Je vous en recommande vivement la lecture.

Quelques extraits :

"Le Havre, l'avait-on prévenu, est un foyer - sans doute le plus important en France -, où bouillonnent dangereusement idées subversives et pensées révolutionnaires. [...] Dix ans donc, qu'Adriano Ciotta se consacre à la surveillance du mouvement ouvrier havrais. En marge de la police officielle, et avec une équipe de spécialistes. "Surveillance" étant un doux euphémisme. Ciotta traque les militants, infiltre les syndicats, fiche les agitateurs, opère des perquisitions arbitraires, saisit tracts et publications, utilise la panoplie complète de l'intimidation. Et au moindre prétexte, celui de trouble à l'ordre public notamment, Ciotta arrête, Ciotta enferme."

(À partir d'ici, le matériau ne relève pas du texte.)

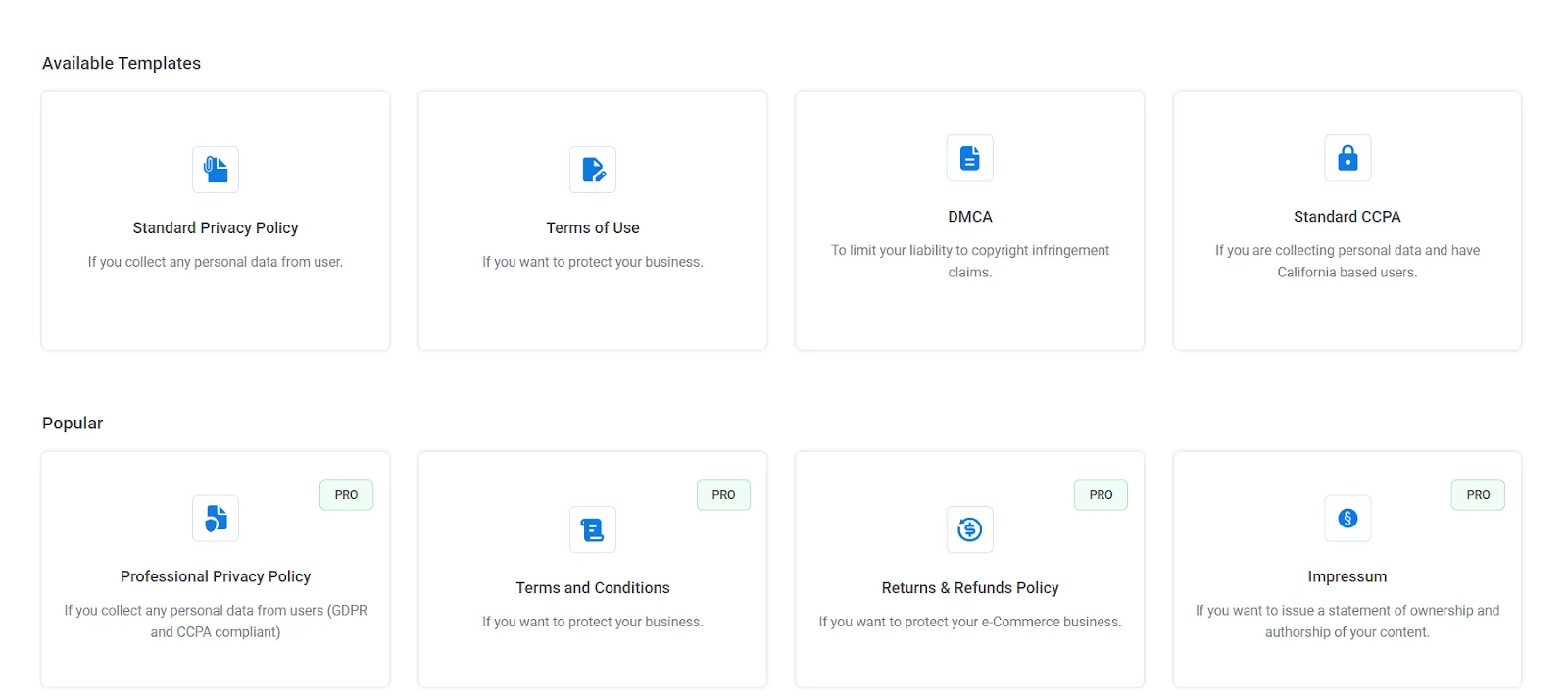 wp legal pages templates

"Et avec, elle ne vaut pas lourd non plus, songe Victor toujours d'une humeur massacrante. Tu dors, tu te lèves, tu te couches, tu bosses, tu pointes, tu fais des gosses parce qu'il faut bien renouveler le cheptel, tu touches une paie de misère qui te laisse à poil les quinze derniers jours du mois, fait de toi un mendiant de l'épicier, un suppliant de l'huissier dont tu dois lécher le cul alors que tu voudrais lui mettre la tête au carré. Pas seulement la sienne d'ailleurs. T'as envie de bousiller tout le monde, l'univers entier, même le mec que tu croises par hasard dans la rue, qui n'y est pour rien, parce qu'à ce moment-là, un volcan explose dans ta pauvre caboche... Et le comble, c'est que tu pleures lorsque cette salope d'usine te vire, qu'il n'y a plus de boulot, et que tu n'as qu'à fermer ta gueule..."
"Le patronat pleure sur la loi des huit heures de travail (votée en avril 1919) qui le crucifie, gémit sur les bénéfices perdus et les dividendes écornés, ne pense qu'à rogner sur les salaires pour s'en sortir. De l'autre côté de la barrière, l'ouvrier claque du bec, vit la peur au ventre d'être licencié, envoie ses gosses ramasser des miettes de charbon sur les quais pour l'hiver. "
"- Vous n'allez pas publier ça, hein, Fournier ? Trois cent ou quatre cent morts... Dans ma ville ! Il est fou. Pas cette phrase... faut pas, mon petit Fournier. - Je vais me gêner, raille Louis-Albert."